> What the task asks: For the records below, copy exactly the span that begins at the line containing "So let's see" and stops after the line containing "Once you tap", minus any pictures.

> Extracted information:
....

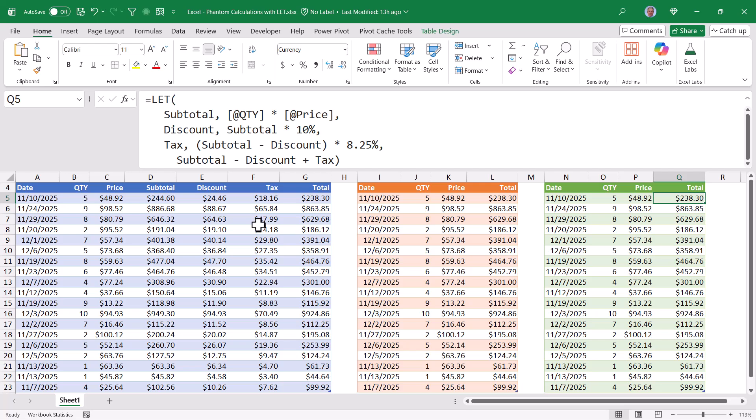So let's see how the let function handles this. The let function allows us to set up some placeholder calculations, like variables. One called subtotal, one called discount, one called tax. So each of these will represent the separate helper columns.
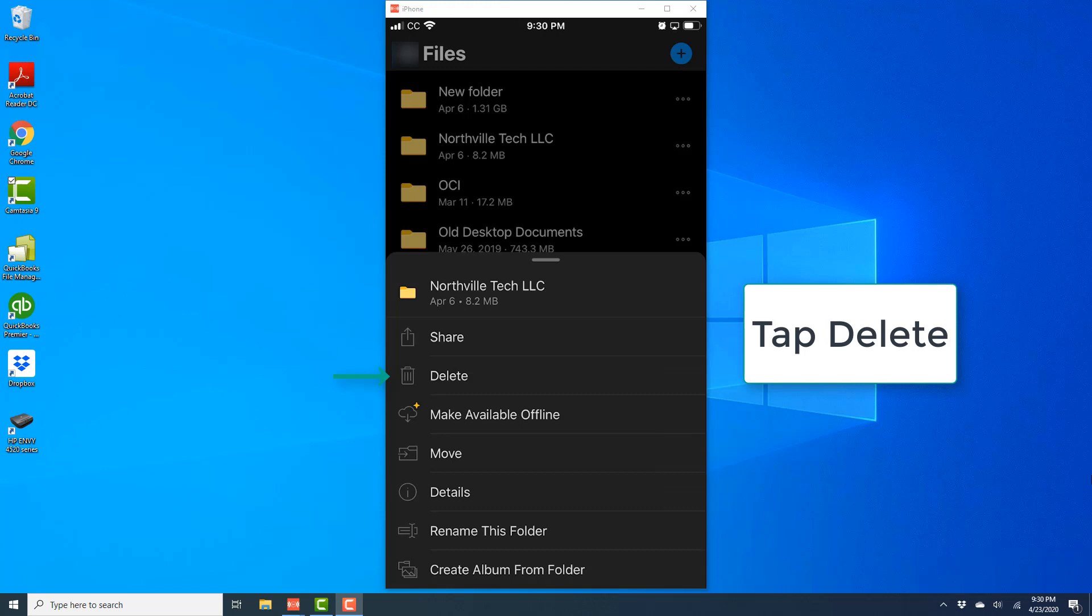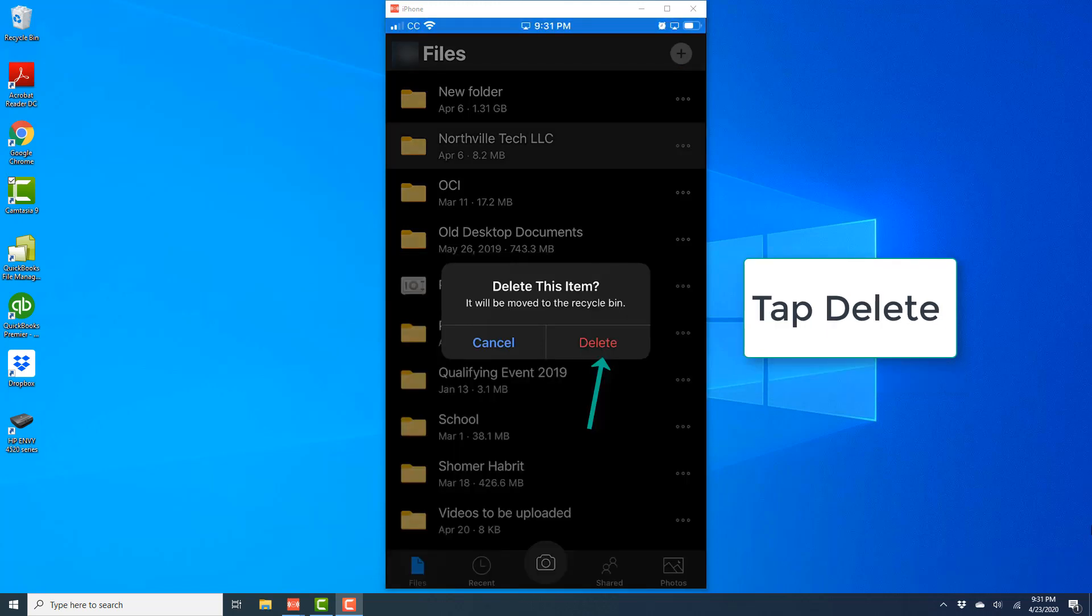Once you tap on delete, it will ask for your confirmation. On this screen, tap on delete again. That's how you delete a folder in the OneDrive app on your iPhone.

....

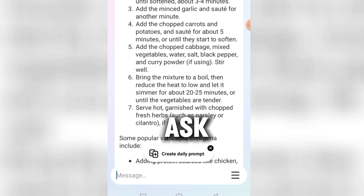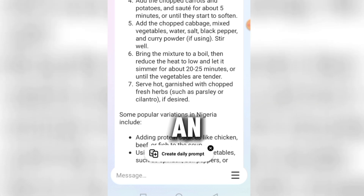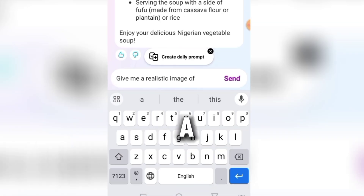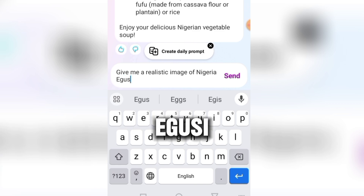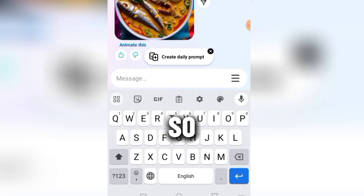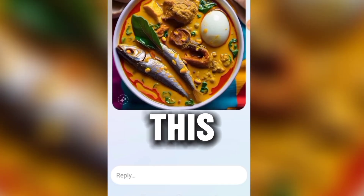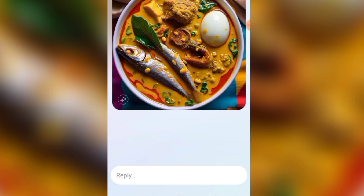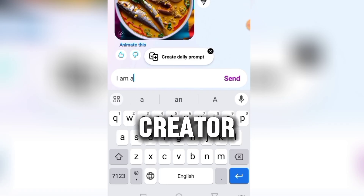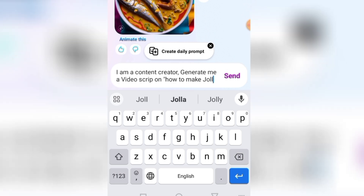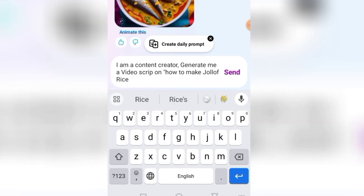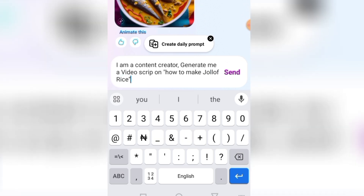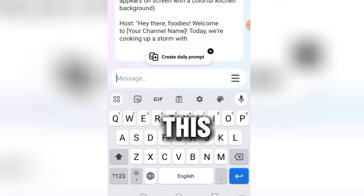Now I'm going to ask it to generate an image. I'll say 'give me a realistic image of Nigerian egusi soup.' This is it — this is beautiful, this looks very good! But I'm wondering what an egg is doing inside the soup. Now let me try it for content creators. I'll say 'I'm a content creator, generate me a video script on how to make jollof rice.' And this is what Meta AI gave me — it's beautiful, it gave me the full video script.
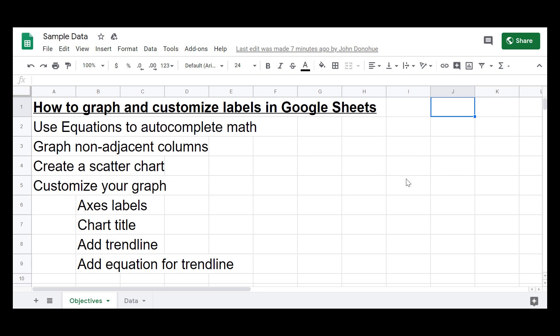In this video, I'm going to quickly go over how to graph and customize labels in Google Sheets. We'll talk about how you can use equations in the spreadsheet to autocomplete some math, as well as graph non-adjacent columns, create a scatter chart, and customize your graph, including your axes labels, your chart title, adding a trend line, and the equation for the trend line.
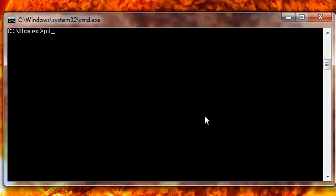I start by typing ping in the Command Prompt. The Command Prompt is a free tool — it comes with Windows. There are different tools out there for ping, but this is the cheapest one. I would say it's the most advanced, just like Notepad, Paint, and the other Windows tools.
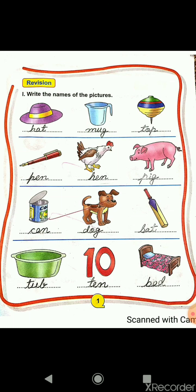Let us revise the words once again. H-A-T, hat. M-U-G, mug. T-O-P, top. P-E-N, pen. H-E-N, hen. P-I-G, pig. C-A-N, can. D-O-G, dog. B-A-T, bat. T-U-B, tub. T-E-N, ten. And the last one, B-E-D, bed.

....

> Task answer:
So let's see how the let function handles this. The let function allows us to set up some placeholder calculations, like variables. One called subtotal, one called discount, one called tax. So each of these will represent the separate helper columns.
Once you tap on delete, it will ask for your confirmation. On this screen, tap on delete again. That's how you delete a folder in the OneDrive app on your iPhone.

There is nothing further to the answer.